With cotton and cattle the backbone of the region's economy, the Burrus Grain Elevator was built in 1928, during the depression, to serve the growing needs of the South Plains.
The Burrus Grain Elevator is the second largest grain elevator on the South Plains. In 1998, the Texas Department of Transportation paid nearly $1 million to purchase the structure in order to move forward with the construction of the East-West Freeway in Lubbock.
"Before we demolished it we were required to document it, so we asked Texas Tech architecture students to come out and they did drawings and took photographs and did a historical analysis on the elevator and that's what we were required to do before we could demolish it," says Penny Mason with TxDOT.
They had to get special permission from the Texas Historical Preservation Officer to document the structure because of its importance.
A structure with such a long history is already sparking emotions from those who have seen it gracing the horizon. If you've driven down I-27 or the North Loop you can't miss this large grain elevator. Even at a distance the giant structure looms in the background.
This giant building, with its large history, has moved one Lubbock man to keep its memory alive for future generations. "Our purpose is to go ahead and take this historical places and historical history of Lubbock county and try to put it in good places and try to save it," says Dr. Robert Carr, who's a physician by trade, and an historian at heart.
Carr is taking final snap shots of the Burrus Elevator. King of the grain industry for 70 years, it's now an empty giant, sitting quietly in the Lubbock skyline.
"My family moved out here in 1932 and so it was part of the landscape then and it's gonna be awfully hard to see it go because at one time it was the landscape practically down here expect for some small buildings," says Dr. Carr.
Originally built during the great depression by the JC Whaley Company for just over $125,000, this enormous elevator stored grain. It also serviced everything from box cars to pick up trucks owned by smaller farming operations.

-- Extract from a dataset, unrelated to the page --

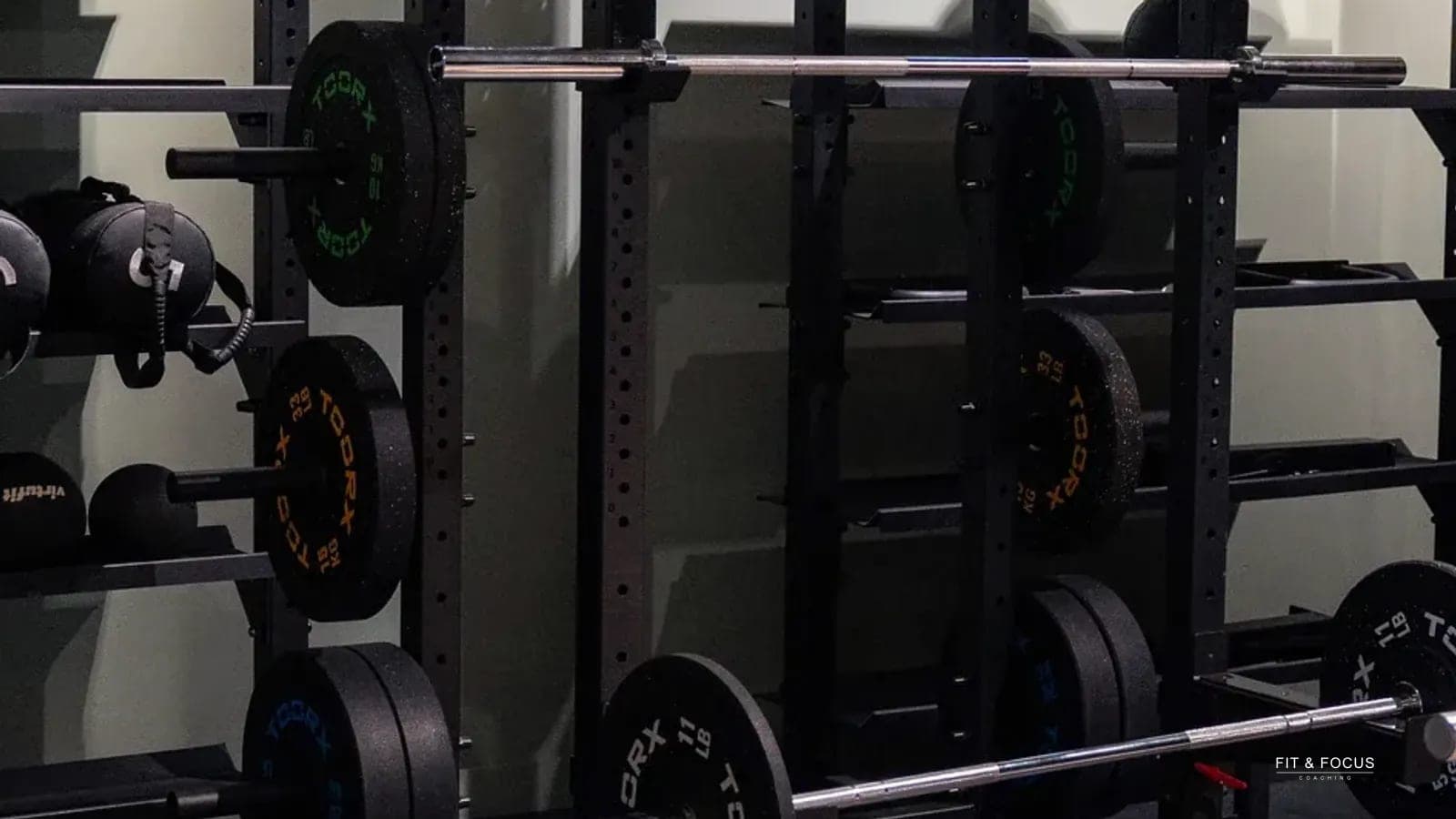 Halterstang en schijven in het powerrack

Ownership changed hands several times and the Lubbock City Council even tried transforming the elevator into a hotel.
"Retail is a possibility high rise retail will be something in the order of department offices some combination mixed use is possible, hotels on the bottom offices in the middle there are all kinds of opportunities," says Bob Lima, who did research on the Burrus Elevator in 1984.
But all of those opportunities never happened, and the elevator remained performing its original job until the late 1990's. But after 76 years gracing the Lubbock skyline, the Burrus Grain Elevator silently awaits its last 48 hours of life.
"Change is hard for anyone who gets older you get used to what you have, but I think obviously it's the best thing to be done. It's just a shame to have to tear it down," says Dr. Carr.
Dr. Carr will donate his photos to the Southwest Collection at Texas Tech, where they will go on display. Demolition of the grain elevator will begin Thursday morning at 8am. Contractors were originally going to destroy the structure by implosion, but instead will use a 10 ton weight to knock it down over 4 months.